Day One, Session Three

Multilayer Perceptrons with PyTorch

Mark Andrews

PyTorch

  • PyTorch is a scientific computing library built around automatic differentiation and GPU support.
  • It is the dominant research framework for deep learning.
  • The torch.nn module provides building blocks: layers, loss functions, and activations.
  • Training is explicit — you write the loop, which keeps the mechanics visible.

nn.Module

  • Every model in PyTorch is a subclass of nn.Module.
  • __init__ declares the learnable components.
  • forward defines the computation.
  • nn.Module handles parameter registration, GPU transfer, saving and loading weights.
class MLP(nn.Module):
    def __init__(self):
        super().__init__()
        self.fc1 = nn.Linear(784, 128)
        self.fc2 = nn.Linear(128, 10)

    def forward(self, x):
        x = torch.relu(self.fc1(x))
        return self.fc2(x)

nn.Linear

  • nn.Linear(in_features, out_features) is one fully-connected layer.
  • Internally it holds a weight matrix \(W\) of shape \((\text{out}, \text{in})\) and a bias vector \(b\).
  • On input \(x\) of shape \((\text{batch}, \text{in})\), it computes:

\[y = xW^T + b\]

  • Both \(W\) and \(b\) have requires_grad=True and are updated during training.

Assembling a network

  • In __init__, declare each layer as an attribute.
  • In forward, chain them together with activations in between.
  • Dimensions must be consistent: the output size of each layer must match the input size of the next.
  • nn.Sequential handles straight feedforward chains without writing forward explicitly.

Data and DataLoader

  • Dataset wraps a collection of (input, target) pairs.
  • DataLoader wraps a dataset and serves it in shuffled mini-batches.
  • torchvision provides standard image datasets including MNIST.
  • transforms.ToTensor() converts PIL images to float tensors in \([0,1]\) and reorders axes from HWC to CHW.

The training loop

Four steps, always in this order:

  1. optimizer.zero_grad() — clear accumulated gradients.
  2. loss = criterion(model(X), y) — forward pass and compute loss.
  3. loss.backward() — compute gradients.
  4. optimizer.step() — update parameters.

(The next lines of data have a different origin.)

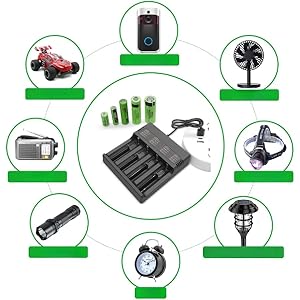 18650 Battery Charger 4 Bay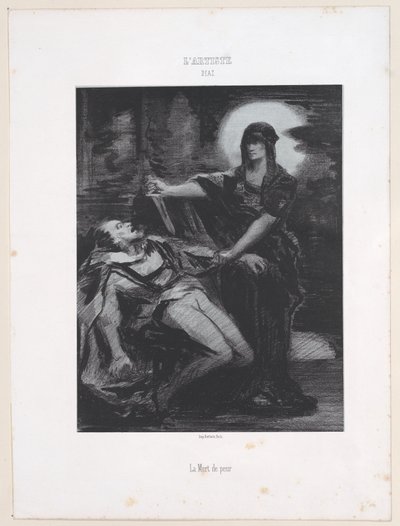 Śmierć strachu, 1830-76., 1830-76. autorstwa Narcisse Virgile Diaz de la Peña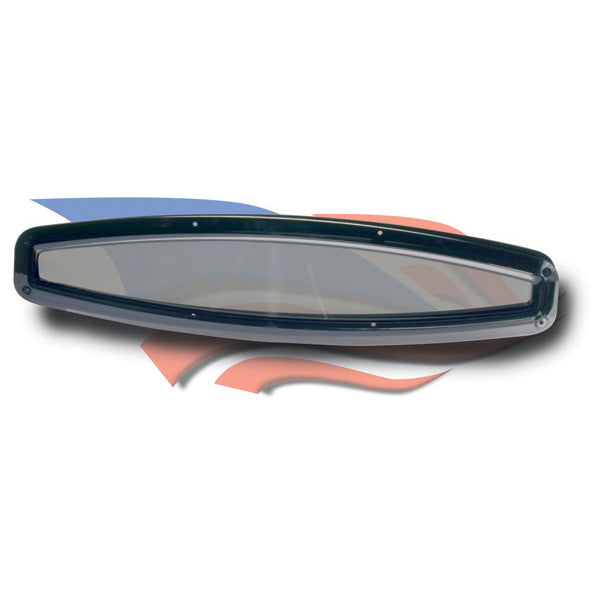 Beckson Window Oval 4x22 Specialty Fixed Ports Black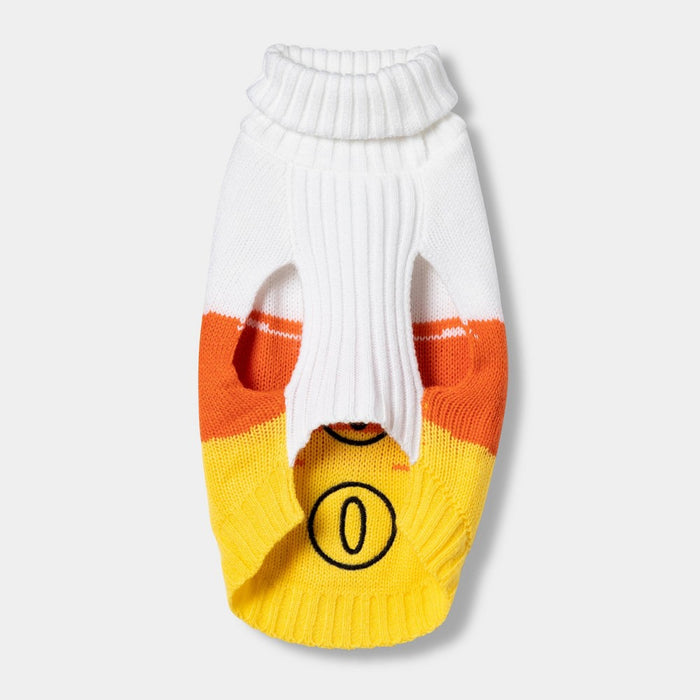 Halloween Candy Corn Boo Dog and Cat Sweater - XS - Hyde & EEK! Boutique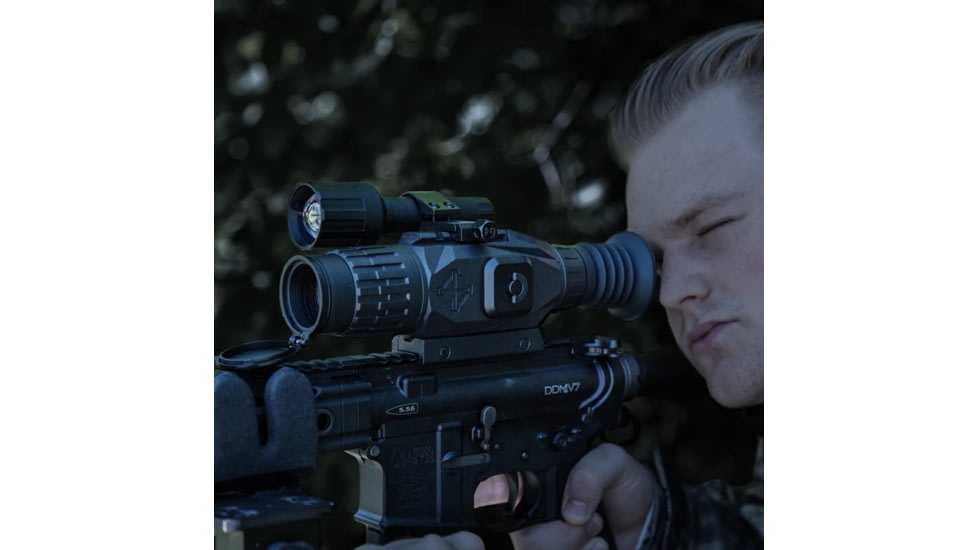 SightMark Wraith HD Digital Night Vision Rifle Scope, 2-16x28mm, 50mm Tube, Second Focal Plane, 10 Pattern, Black, SM18021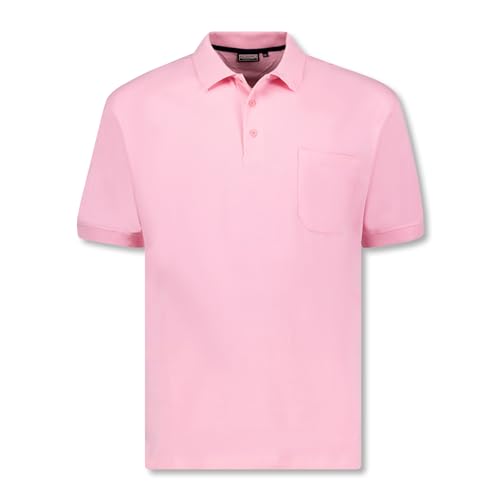 ADAMO Kurzarm Polo Shirt Keno Pique Qualität für Herren in großen Größen bis 10XL, Größe:3XL, Farbe:rosé von ADAMO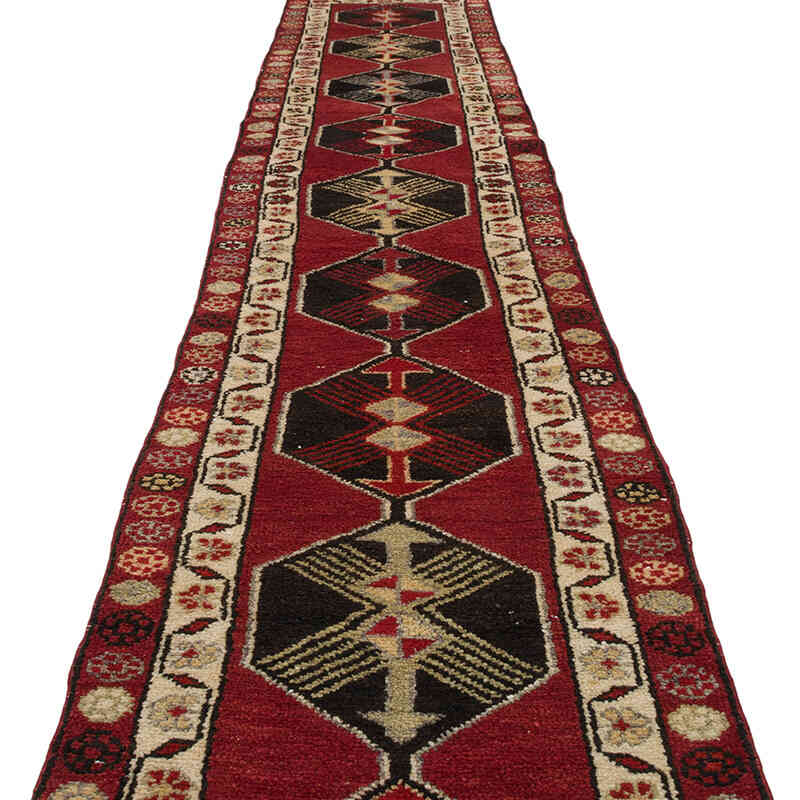 Vintage Tribal Runner Rug - 2' 10" x 14' 10" (34" x 178") - K0068784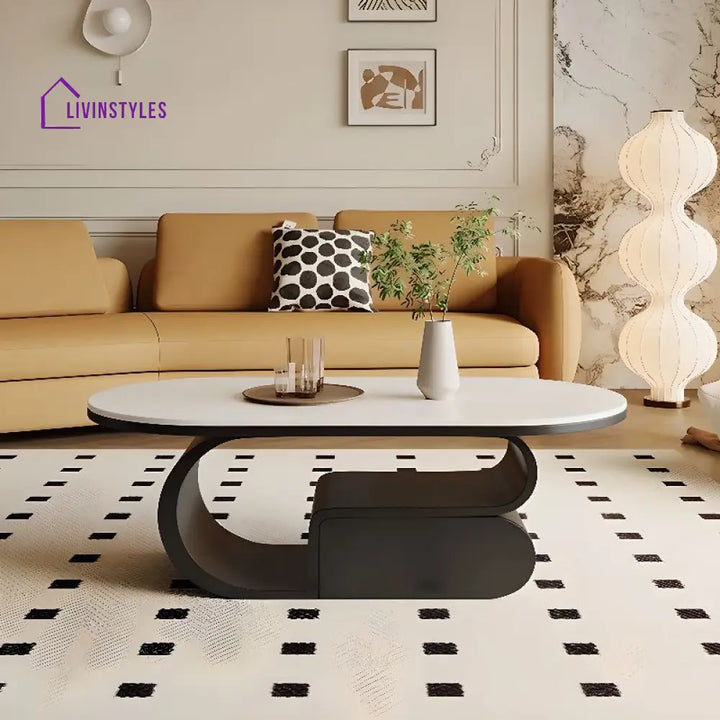Tanish Stainless Steel Coffee Table For Living Room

These four lines are the same regardless of model architecture, dataset, or task.

Evaluation

  • Call model.eval() before measuring accuracy — disables dropout and any other training-specific behaviour.
  • Wrap inference with torch.no_grad() to suppress gradient tracking, saving memory and time.
  • preds = model(X).argmax(dim=1) picks the class with the highest logit for each sample.

skorch

  • skorch wraps PyTorch models in a scikit-learn compatible interface.
  • Pass the model class (not an instance) to NeuralNetClassifier.
  • Call .fit(X_train, y_train) — no loop required.
  • .score(X_test, y_test) evaluates accuracy.
  • The result slots directly into GridSearchCV, Pipeline, and other scikit-learn tools.